OPT started its development effort with a revolutionary approach based on piezoelectric polymers, where wave motion flexes an array of strips of the material to generate power. That work reached a prototype stage, but it was determined two years ago that a polymer with lower losses was needed. A major DOD development contract is now underway continuing that effort. AMP Inc, a major investor in the company, supplied the piezoelectric material, and also provides cabling, hubs and connectors.

In a parallel program, OPT has come up with a hydrodynamic device that looks like a standard ocean buoy, and generates power from wave motion. The system uses standard off the shelf proven marine technology: buoys, mooring and anchors, and underwater power cable. These aspects are supported through a strategic relationship with Penta-Ocean Construction Co, Japan’s largest ocean engineering company.

Mechanical energy is obtained as the buoy moves against a self-contained “sea anchor”. Inside the water tight compartment, this mechanical stroke motion is converted into hydraulic pressure, which in turn drives a generator. Special electronic controls deal with the randomness of the input wavepower.

The technology is inherently modular. The initial 20 kW module (buoy) is a cylinder 20 m. long and 5 m. diameter, which rides at the surface, mostly submerged, and anchored to the ocean floor in 100 feet of water.

The company holds 12 patents, and 8 more are pending, but has maintained a very low profile. They have assembled a large body of knowledge and expertise on wave behavior, marine engineering, and oceanographics, as well as obtaining exclusive rights to certain related technologies. One year of ocean trials have been successfully completed.

(UFTO has been in touch with them since early 1995, and followed their progress closely until such time as it appeared appropriate to report. This summary provides the first real look at what OPT is up to.)

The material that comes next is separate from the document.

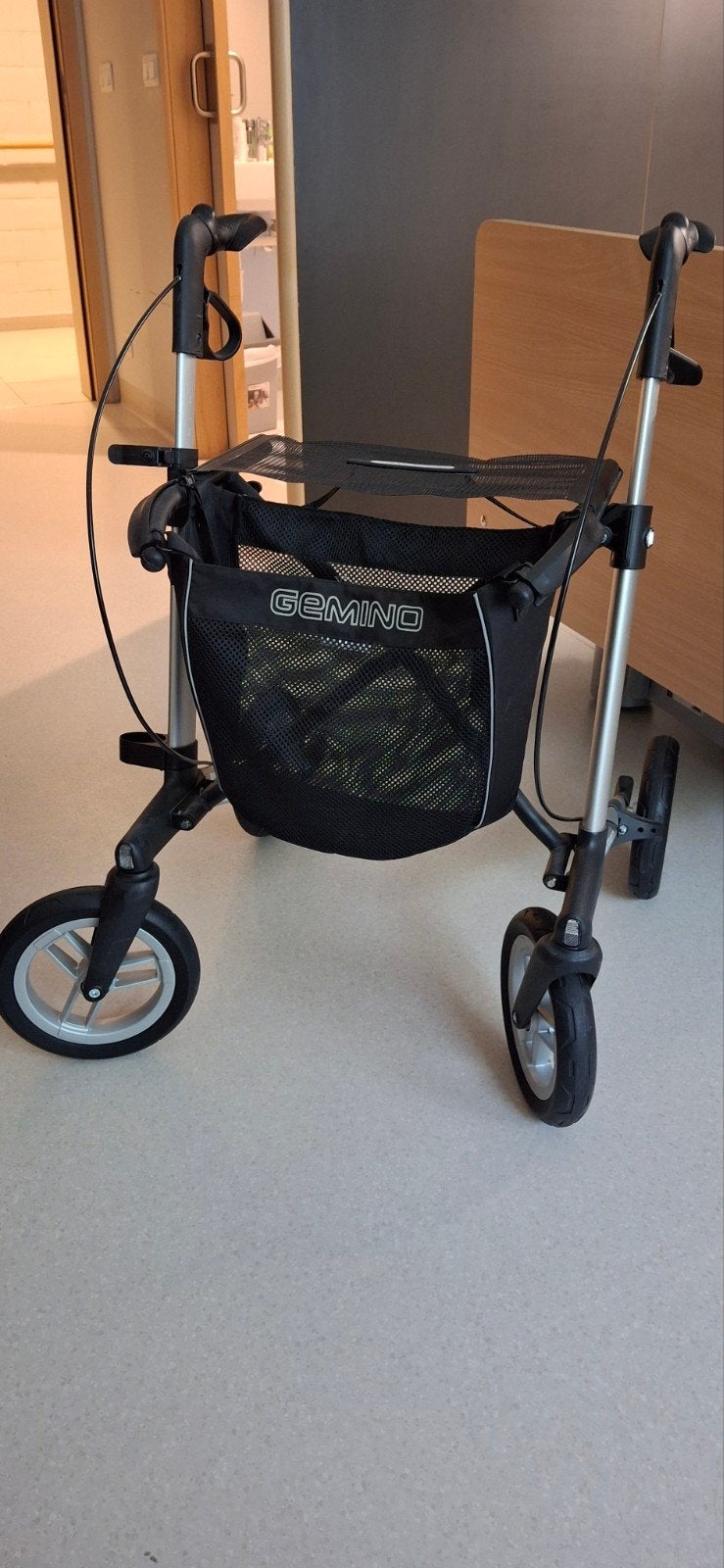 Rollator Gemino 30, Ophalen, Opvouwbaar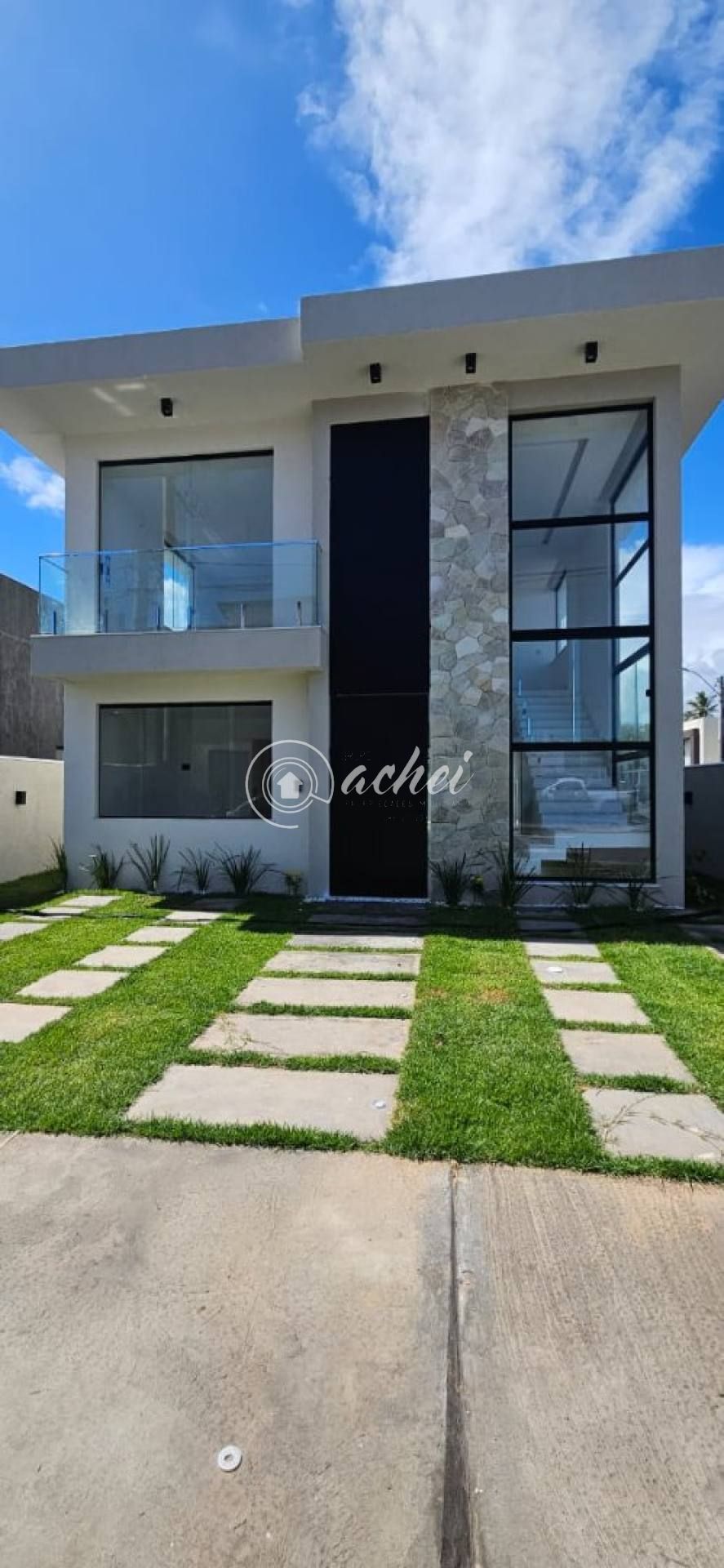 Casa com piscina à venda em Busca Vida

Recently, a large European company did extensive due diligence, and reported that OPT is far ahead of other wave energy programs (mostly in the UK and Scandinavia). Negotiations are underway to possibly form a separate joint venture company for Europe. An Australian utility has placed an order for the first system. The US Dept of Defense (particularly the Navy) is supporting projects for self-powering buoy-based systems, for remote power supply for naval bases, and for desalination. The company probably could bootstrap itself with these program revenues, however in the interest of moving faster they are privately raising an investment round of $10 M.

Estimates are that smaller systems (~500 kW) will deliver power at 7-10 cents/kWh, while larger (grid connected) systems > 10 MW will do it at 3 – 4 cents. (Capital cost of $2700/kW) Installations of 100 MW would occupy about 1/5 of a square mile, out of sight from shore. Installation and commissioning would be quick. Duty cycles should be 80-90%, and highly predictable. Sites are abundant all over the world. Systems would even provide additional environmental benefits of reducing beach erosion and supplying fish habitats.

The company is very interested in participating with a major utility in the first installations.